Anyway he did, and he ended up in Melbourne.
Unable to stay away from public affairs for long,
Southwell soon made a name for himself in
Victorian politics. Once it became known to the
Melbourne Age that this new arrival had been a
notorious infidel back in England he was
subjected to a vicious campaign of insult and
slander. For once Southwell was without a paper
of his own, and could not reply to the attacks
the press persisted with. It was time to move on
again.
Southwell arrived in New Zealand
aboard the 'William Denny' on 29 January 1856 and
by April was lecturing on topics of current
interest. By December of that year he began what
was to be his last project, the Auckland
Examiner. This was different from the papers
he had run as a younger man in England.
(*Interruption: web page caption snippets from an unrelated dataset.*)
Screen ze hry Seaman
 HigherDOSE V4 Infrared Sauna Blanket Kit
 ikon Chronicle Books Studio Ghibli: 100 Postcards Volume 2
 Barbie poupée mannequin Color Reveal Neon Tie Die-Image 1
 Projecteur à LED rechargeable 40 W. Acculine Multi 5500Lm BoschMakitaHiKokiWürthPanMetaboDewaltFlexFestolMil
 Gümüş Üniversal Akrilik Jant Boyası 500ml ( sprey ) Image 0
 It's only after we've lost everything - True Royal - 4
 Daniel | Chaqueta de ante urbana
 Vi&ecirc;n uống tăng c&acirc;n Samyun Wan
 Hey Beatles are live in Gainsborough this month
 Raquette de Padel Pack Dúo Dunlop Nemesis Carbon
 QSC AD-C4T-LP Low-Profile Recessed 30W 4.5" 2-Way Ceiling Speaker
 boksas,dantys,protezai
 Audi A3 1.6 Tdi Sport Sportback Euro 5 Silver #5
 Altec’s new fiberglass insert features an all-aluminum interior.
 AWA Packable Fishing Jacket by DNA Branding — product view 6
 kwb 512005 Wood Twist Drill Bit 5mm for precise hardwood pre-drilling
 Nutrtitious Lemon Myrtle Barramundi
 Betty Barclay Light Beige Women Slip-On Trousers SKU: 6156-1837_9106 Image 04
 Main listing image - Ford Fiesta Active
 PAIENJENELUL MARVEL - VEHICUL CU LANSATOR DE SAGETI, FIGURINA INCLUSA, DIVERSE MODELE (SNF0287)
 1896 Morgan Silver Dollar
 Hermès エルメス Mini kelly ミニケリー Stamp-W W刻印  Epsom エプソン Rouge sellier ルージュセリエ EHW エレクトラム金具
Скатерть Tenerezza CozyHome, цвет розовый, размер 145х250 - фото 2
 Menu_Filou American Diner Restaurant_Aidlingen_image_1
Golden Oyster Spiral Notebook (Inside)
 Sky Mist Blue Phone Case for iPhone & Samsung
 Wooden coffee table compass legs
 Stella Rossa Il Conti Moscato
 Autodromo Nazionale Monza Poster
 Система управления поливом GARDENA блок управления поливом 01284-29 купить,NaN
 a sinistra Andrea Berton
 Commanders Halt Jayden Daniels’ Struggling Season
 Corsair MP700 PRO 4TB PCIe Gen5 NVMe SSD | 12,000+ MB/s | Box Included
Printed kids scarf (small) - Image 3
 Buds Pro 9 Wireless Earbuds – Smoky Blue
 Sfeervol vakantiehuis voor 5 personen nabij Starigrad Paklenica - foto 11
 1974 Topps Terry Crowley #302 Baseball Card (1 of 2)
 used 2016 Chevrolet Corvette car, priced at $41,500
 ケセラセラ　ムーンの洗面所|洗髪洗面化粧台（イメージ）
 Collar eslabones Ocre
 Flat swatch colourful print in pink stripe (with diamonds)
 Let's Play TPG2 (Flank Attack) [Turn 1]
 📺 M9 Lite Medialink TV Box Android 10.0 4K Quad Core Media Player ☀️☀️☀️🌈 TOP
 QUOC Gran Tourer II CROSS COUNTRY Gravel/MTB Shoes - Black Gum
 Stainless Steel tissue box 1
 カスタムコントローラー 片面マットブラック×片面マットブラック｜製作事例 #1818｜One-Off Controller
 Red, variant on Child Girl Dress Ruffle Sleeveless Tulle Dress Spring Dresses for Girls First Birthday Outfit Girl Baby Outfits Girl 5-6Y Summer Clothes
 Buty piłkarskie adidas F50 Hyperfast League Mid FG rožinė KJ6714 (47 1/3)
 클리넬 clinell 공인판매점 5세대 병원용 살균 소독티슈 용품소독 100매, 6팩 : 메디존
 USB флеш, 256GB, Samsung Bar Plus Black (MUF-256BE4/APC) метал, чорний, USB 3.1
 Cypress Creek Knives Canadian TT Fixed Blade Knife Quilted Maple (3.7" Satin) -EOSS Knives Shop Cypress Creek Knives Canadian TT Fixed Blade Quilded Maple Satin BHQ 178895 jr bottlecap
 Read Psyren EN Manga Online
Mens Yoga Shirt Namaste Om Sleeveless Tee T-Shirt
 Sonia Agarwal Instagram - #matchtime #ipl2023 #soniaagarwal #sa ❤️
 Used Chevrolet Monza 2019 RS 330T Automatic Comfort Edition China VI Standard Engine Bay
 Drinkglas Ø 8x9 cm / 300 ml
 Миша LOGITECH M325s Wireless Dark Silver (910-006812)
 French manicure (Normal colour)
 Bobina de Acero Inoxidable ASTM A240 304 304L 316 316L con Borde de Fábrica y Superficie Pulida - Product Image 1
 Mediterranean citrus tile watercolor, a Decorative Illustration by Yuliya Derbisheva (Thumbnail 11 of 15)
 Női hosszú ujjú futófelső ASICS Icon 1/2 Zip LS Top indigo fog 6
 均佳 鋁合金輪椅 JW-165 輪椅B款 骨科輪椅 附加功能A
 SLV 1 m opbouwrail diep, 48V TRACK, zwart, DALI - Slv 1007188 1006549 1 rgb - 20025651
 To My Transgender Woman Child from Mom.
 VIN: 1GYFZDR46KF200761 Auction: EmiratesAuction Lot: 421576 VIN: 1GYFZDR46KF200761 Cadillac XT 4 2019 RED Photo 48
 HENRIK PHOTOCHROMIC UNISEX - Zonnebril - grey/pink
For a
start, his opinions on religion had changed; he
no longer described himself as an atheist. Back
in 1852 he had written a pamphlet on The
Impossibility of Atheism arguing that it was
nothing more than the 'negation of a
hallucination'. He remained clear, however, that
talk of God or gods remained essentially a waste
of time.
Southwell stood for the Auckland
Provincial Council in 1857, where his flamboyant
style worked to some effect in what was a fairly
primitive local political scene. For example, a
successful campaign slogan the year before had
been 'Down with the bloody Scotch!' [12]
Unfortunately for Southwell, his experience in
Victoria was to be lived through again. At a
meeting outside the Courthouse in a short while
before the election, Southwell rose to address
the gathering. Or rather attempt to address them,
said the Southern Cross report,
'for all at once a most infernal din arose from
below the hustings. A mob, the ringleaders of
which were Peter Grace, Thos. Murphy, Inspector
of Roads, and a pensioner named Dunn, were
there avowedly to prevent
Mr Southwell being heard... The basis of this
mob's objection was frankly theological. Murphy
... who glared and yelled like a hyena, read a
paper charging Mr Southwell with not being a
Christian...'
But, the report continued
'he was not to be put down. He kept his ground
till exhaustion partly silenced the mob, and
was then enabled, by dint of good lungs and
much perseverance to make himself heard. His
speech, lengthened by interruptions, was not
over till past two o'clock and it would be
impossible, had we the space, to give even a
précis of it.' [13]
It is difficult not to warm to
Southwell after reading of incidents such as
this. Southwell won on the show of hands, but
lost on the final count. When he stood again a
couple of months later that year, he lost by 31
votes. [14]
What annoyed Southwell at this
late stage in his career was not so much religion
per se, but the hypocrisy of politicians publicly
parading their Christianity. In an answer to a
correspondent on the 25 June 1859 issue of the Examiner
Southwell has this to say:
'Our mission is political. With Catholics and
Protestants as religionists we have nothing to
do. With Catholics and Protestants as
politicians, we have everything to do.
Political religion is fair game. By political
religion we mean religion profaned by party
hands and prostituted to party purposes;
religion that venal men make the stepping-stone
to political power; religion less like angel of
light than demon of darkness.'
Were Southwell to find himself
reincarnated into the 1990's, he might well feel
a strange sense of deja vu.
Southwell died on August 7 1860,
of pulmonary tuberculosis, aged only 46. His
gravestone lies in the Symonds Street cemetery in
the heart of Auckland. Rationalists have done
what they can to preserve the memory of New
Zealand's first freethinker. Seventy-four years
after his death, Southwell was described as a
'brilliant and unfortunate man [who] fought well
and suffered much in the cause of Liberty.' [15]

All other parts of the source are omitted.